▶ [What is required]:
An exact copy is required of every line from the one with "HT wedding initial" through the end of the data below, and the pictures must stay out of it.

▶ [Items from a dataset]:
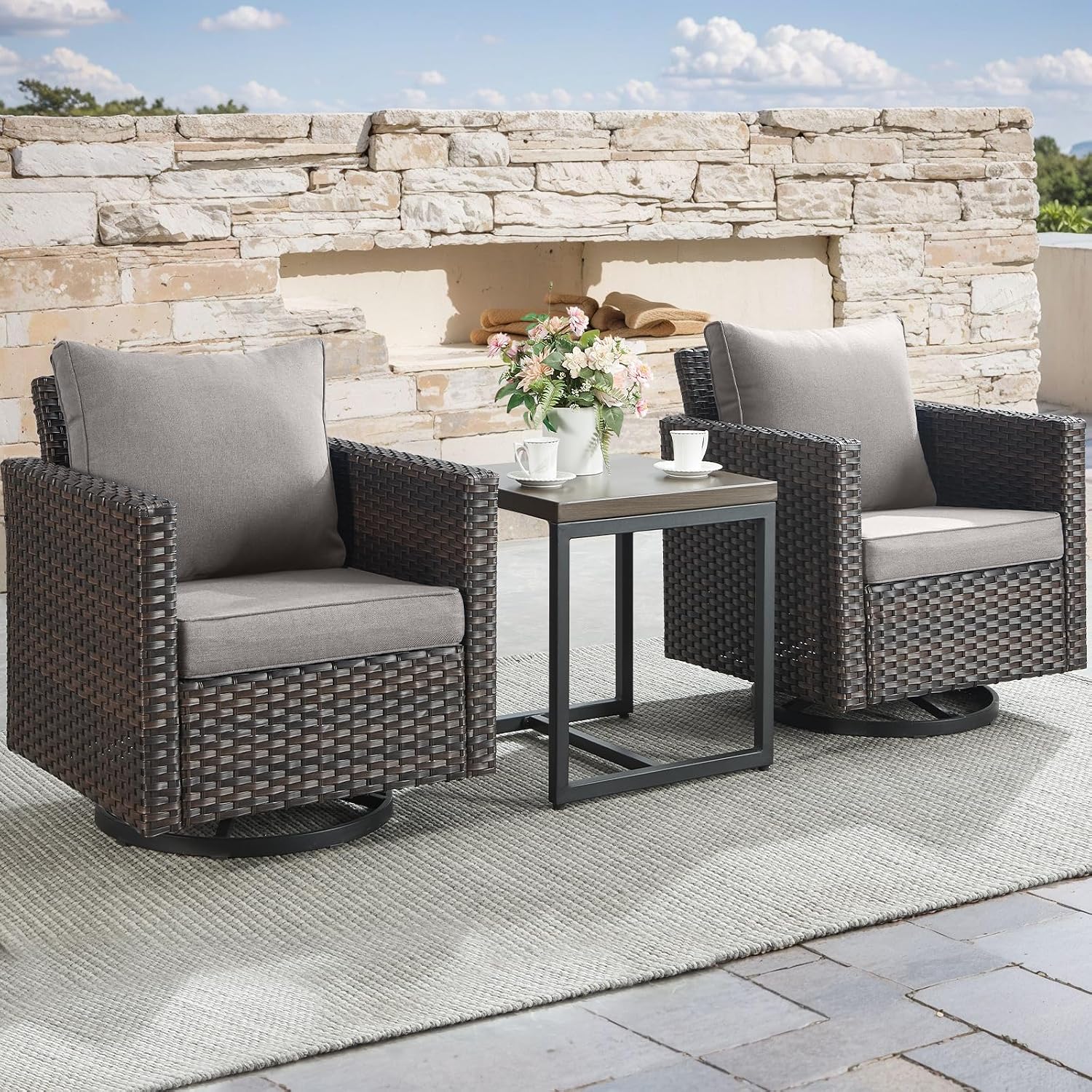 Luxury Outdoor Patio Swivel Rocker Chairs - 3 Piece Wicker Patio Furniture Bistro Swivel Rocking Chairs Set with Comfortable Cushions,Sturdy Metal Frame and Side Table for Porch Deck(Brown/Grey)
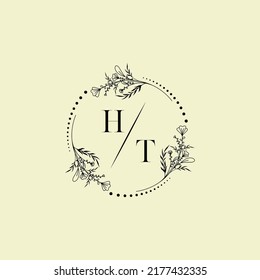 HT wedding initial logo letters in high quality professional design that will print well across any print media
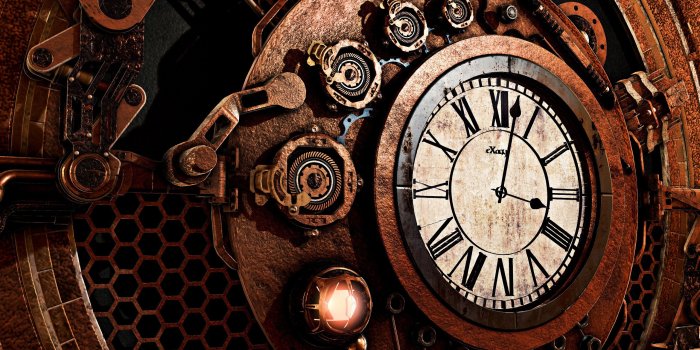 2560x1600 Download wallpapers old clock, retro, time concepts, clock mechanism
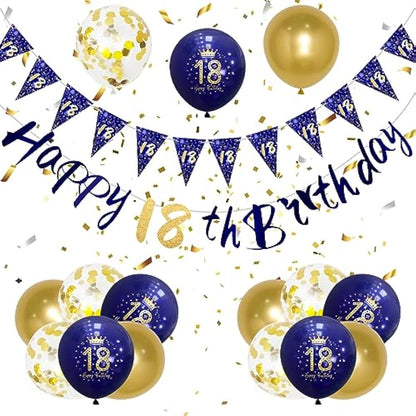 Boys 18th Birthday Decorations Navy Blue Gold 18th Birthday Party Decorations Boys Banner Bunting Kit by Wonsta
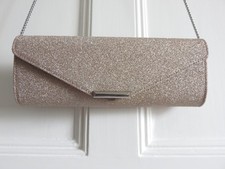 LK Bennett Lucille clutch bag lipstick pink rose glitter sparkle rose with tags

▶ [Answer]:
 HT wedding initial logo letters in high quality professional design that will print well across any print media
 2560x1600 Download wallpapers old clock, retro, time concepts, clock mechanism
 Boys 18th Birthday Decorations Navy Blue Gold 18th Birthday Party Decorations Boys Banner Bunting Kit by Wonsta
 LK Bennett Lucille clutch bag lipstick pink rose glitter sparkle rose with tags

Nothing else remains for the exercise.